• **DATA EXTRACT**:
-------------------------
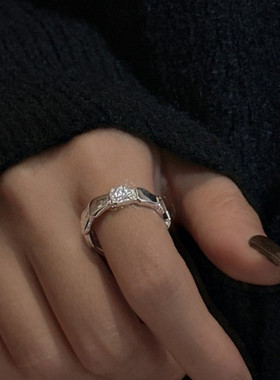 纯银小众设计感肌理感鳞片戒指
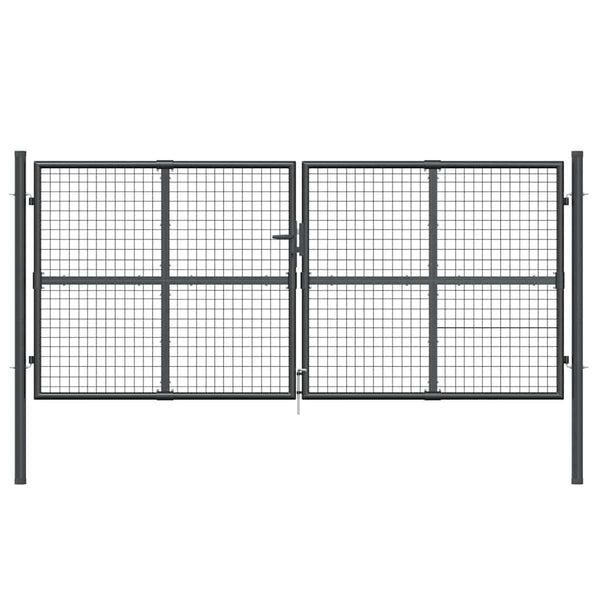vidaXL Mesh Garden Gate Anthracite 300x125 cm Galvanized Steel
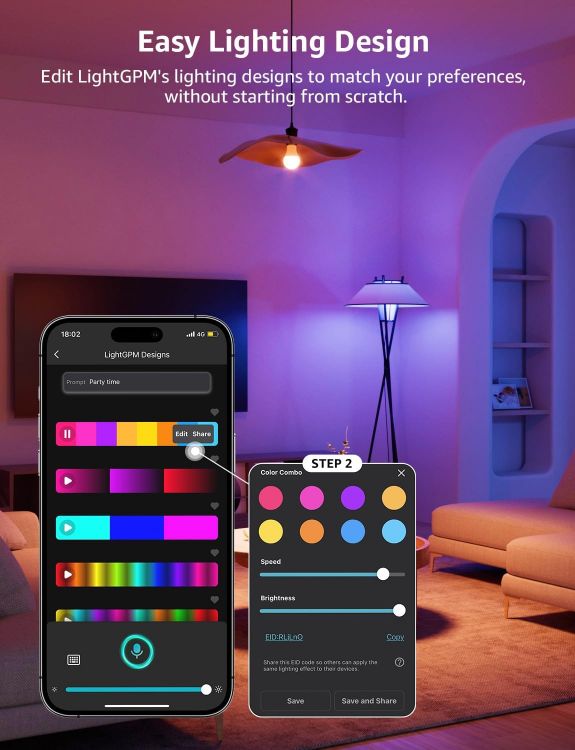 Picture of AI Smart Bulb B22 4 Pack 1100LM – WiFi Colour Changing Dimmable LED, Music Sync, Alexa & Google Assistant Compatible, Energy Class E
-------------------------
• **THE TASK**:
Output the listing word for word. Drop the pictures.

• **ANSWER FOR THE TASK**:
 纯银小众设计感肌理感鳞片戒指
vidaXL Mesh Garden Gate Anthracite 300x125 cm Galvanized Steel
 Picture of AI Smart Bulb B22 4 Pack 1100LM – WiFi Colour Changing Dimmable LED, Music Sync, Alexa & Google Assistant Compatible, Energy Class E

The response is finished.